# Heading Out This Weekend



## jlbabb28 (Feb 27, 2006)

Well this weekend we are heading out to Pismo Beach! We get to "camp" if that what you call it at this resort. I have stayed here before and it's a very nice park can be found at www.pismosands.com.

Anyone that is intrested should check them out they are affordable and very nice.

I will post some pics when I return home, it's the madien voyage for our rig to the Central Coast. I will be drinking a beer by five on Friday.

Jeff


----------



## California Jim (Dec 11, 2003)

Cool Deal Jeff









I'll check out the website as I've been wanting to camp up in Pismo. Have a great trip

I'll also be set-up and camping by 5 on Friday. Heading out to O'Neil Regional Park here in S-Cal. Just a quickie trip with Kids @ Heart, our family group.

Enjoy and pray for clear skies!


----------



## jlbabb28 (Feb 27, 2006)

Yea lots of nice places to camp in Pismo Beach. It's perfect for us since we are only two hours away makes for a nice short trip with the kids. With Good Sam we were at only 33.00 per night not bad at all.

Enjoy your trip too.

Jeff


----------



## 7heaven (Jun 4, 2005)

We stayed at one of those resorts years ago with our little pop-up right in between two 40 foot rigs!







Fortunately, one of those rigs belonged to my in-laws.


----------



## drobe5150 (Jan 21, 2005)

as i use to say when i was a kid

*pismo is mo fun*

sunny






























enjoy

darrel


----------



## jlbabb28 (Feb 27, 2006)

Yea last time we stayed thier had a Prevost on one side and a Monaco on the other. I told my wife those are worth more than we own.

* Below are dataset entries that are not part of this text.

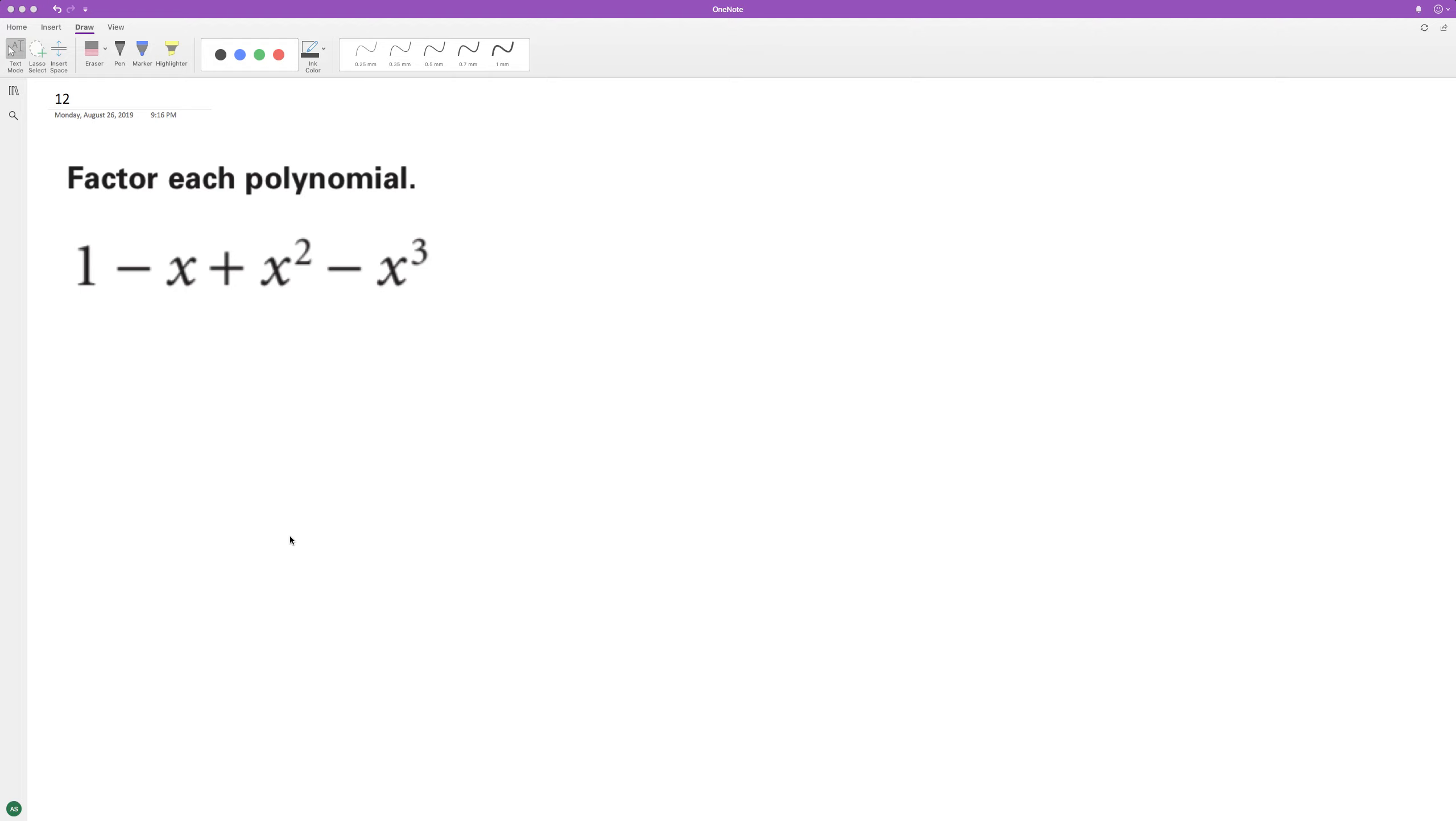Factor the following polynomial completely. So first thing I need to do, this is as factored as I'll get, but over here what I can do...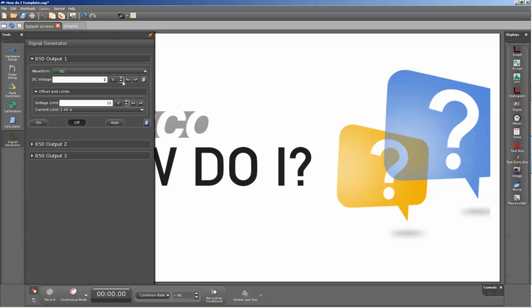You can select the field and directly type in the voltage that you wish, or you can use these arrows to select the digit and then use the up and down arrows to adjust the voltage that's displayed.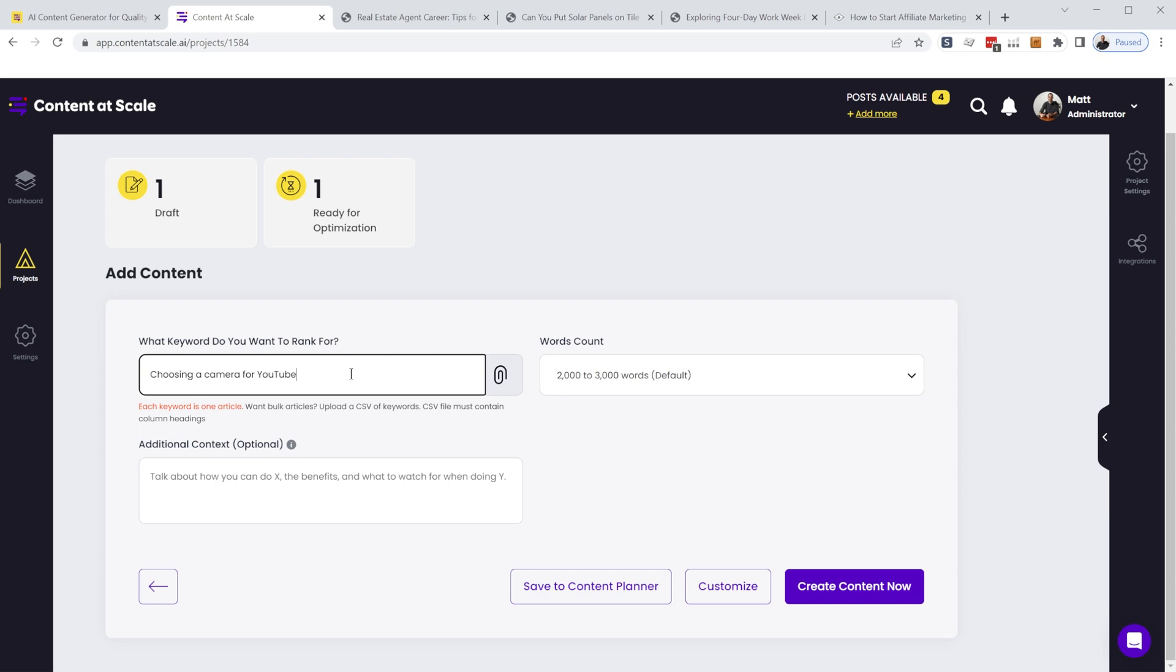So I just tweaked the context a little bit. That way, content at scale understood which perspective I was interested in. But for the most part, especially with their latest update, you don't really need to provide a lot of context. So we're just going to use the keyword phrase and we'll click create content now.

Someday I will have a rig like that, then I would guess I would no longer be welcome in the outbackers. So I guess I'll just stick with the current ride so I can talk to all of you without having to turn my nose up.









Jeff


----------



## PDX_Doug (Nov 16, 2004)

Have a great trip, Jeff!
We will be with you in spirit!









Happy Trails,
Doug


----------



## 7heaven (Jun 4, 2005)

My buddy just retired and spent $400K on one of those rigs... Can't wait for them to visit so I can see if it's worth 20 of my Outbacks.....


----------



## California Jim (Dec 11, 2003)

Jeff:

Exactly how far is it to the beach? Walking distance? All I could find on their site was "located just minutes from Pismo Beach".

Thanks!

Jim


----------



## jlbabb28 (Feb 27, 2006)

No they are not quite walking distance, however they are a short drive like a couple of minutes to the beach. If you are hung up on walking distance go with Pismo Coast Village they have a path directly to the beach. However they are more expensive, and the sites are not quite as nice. It is a great park with good rules and a great staff I love them both.

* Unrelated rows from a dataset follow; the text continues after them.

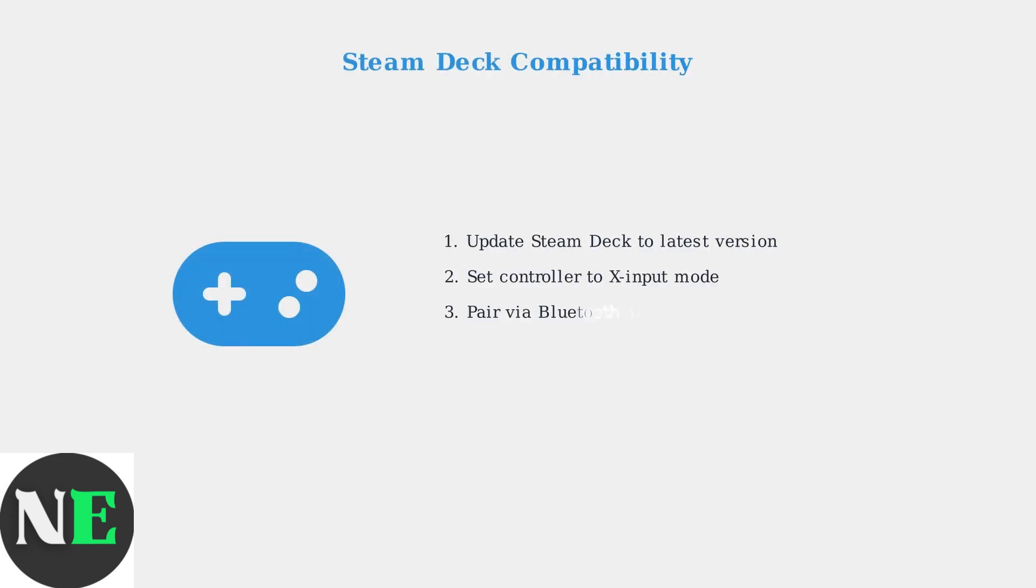For Steam Deck users, the Pro 2 offers excellent compatibility. Make sure your Steam Deck is updated to the latest version, then connect your Pro 2 in X input mode for optimal performance and full button recognition.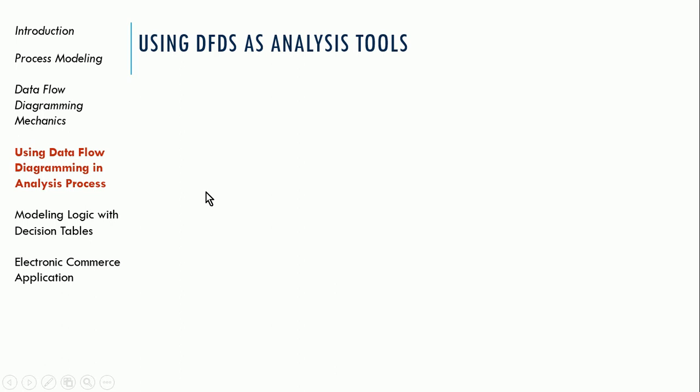Well, let's continue our discussion on data flow diagramming from the previous slide deck. As far as using data flow diagrams as an analysis tool, data flow diagramming, our main purpose here is that we're trying to get a good understanding of the system that we're studying or that we're going to replace.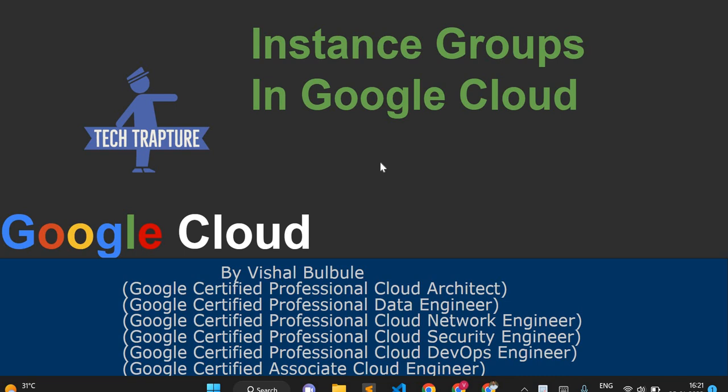Hello all, welcome to TechTapter. In this video we are going to see what are instance groups in Google Cloud, what are the different types of instance groups, why we need instance groups, and what are the features of instance groups.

I like pull throughs and pretty much all of the sites at the sands are pull throughs, it just gets me to beer drinking faster.









they both rate a 10 in my book just depends on what you want.

hope this helps.

Jeff


----------



## Beerman (Nov 14, 2005)

Jeff,

Where are you driving from. I'm located in the Central Valley and it's two hours away as well. I'm sure I'll run into other CA Outbackers somewhere down the road.


----------



## jlbabb28 (Feb 27, 2006)

I am in Hanford, so we are not to far from each other. Come on up will have a few barley pops.

Jeff


----------



## h2oman (Nov 17, 2005)

Clam chowder and Beer. MMMMMMMMMMMMMMMMMM


----------



## jlbabb28 (Feb 27, 2006)

Do we have any Splah Cafe fans in the house? have to get the seafood toping and about 4 ice cold coronas or coors lights!

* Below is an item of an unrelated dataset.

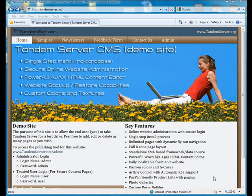In this example, I'm going to give you an overview of the Tandem Server Publishing Tool.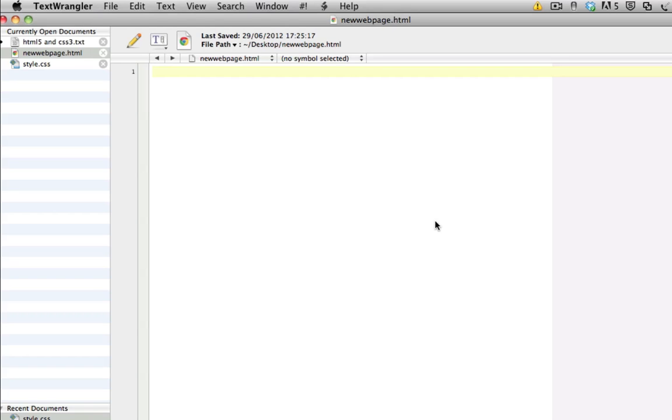Welcome to the first video in this series of HTML and CSS development. Throughout this series I'm going to be getting you familiar with HTML and CSS. I'll be giving you all the tools that you need to build your very first web page. So what do you need to start this series?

I am ready to leave now is it friday yet?

Jeff


----------



## Oregon_Camper (Sep 13, 2004)

I AM JEALOUS!!!!!























...but have a GREAT time anyway.


----------



## HandyAndy (Oct 18, 2005)

When are we going to get a SoCAl/CenCal OB rally organized? Pismo in the fall is quite lovely.
Chaime in if anuone is interested.

Safe journey.
Andy


----------



## And4togo (Feb 18, 2004)

That sounds like a great idea.
Rob


----------



## jlbabb28 (Feb 27, 2006)

sounds good to me Pismo is nice all of the time! set it up and i'll be thier!


----------



## h2oman (Nov 17, 2005)

I don't really want to since there are no trout streams in Pismo. But, as soon as the wife finds out there's an Outback rally at Pismo I'll be calling to make my reservations. Cuz I'm in charge at this house.


----------



## SurferZ (Feb 18, 2006)

I like Pismo, too bad there isnt a more rustic campground right on the beach.
There is also Refugio or Jalama, beach ready and not a glorified paking lot (on one side)


----------



## drobe5150 (Jan 21, 2005)

depends on soccer season, melissa is moving up to select this year, so her schedule will be brutal on us.

darrel


----------



## jlbabb28 (Feb 27, 2006)

SurferZ said:


> I like Pismo, too bad there isnt a more rustic campground right on the beach.
> There is also Refugio or Jalama, beach ready and not a glorified paking lot (on one side)
> [snapback]88957[/snapback]​


we could camp at the state park campground it's on the beach and it's rustic. North beach you have power and the sites oceano is dry camping.

jeff


----------



## MrsDrake97 (Feb 28, 2006)

action 
We just returned 3 weeks ago from Pismo Coast Village! It is on the beach and it's AWESOME! Within walking distance to the quaint downtown and beach pier...ate at SPLASH but unfortunately it didn't settle well and now I know why it's called SPLASH! LOL!!!! Good think I used the public restroom instead of the one in our outback! lol!

(sorry if this was too mucn info!?)

Pismo is great,,,we will go back to pismo coast village soon,,,great people there,,,miniture golf, convenience store, laundrymat,,,all were great,,,bathrooms were cleanest I have seen! a perfect 10!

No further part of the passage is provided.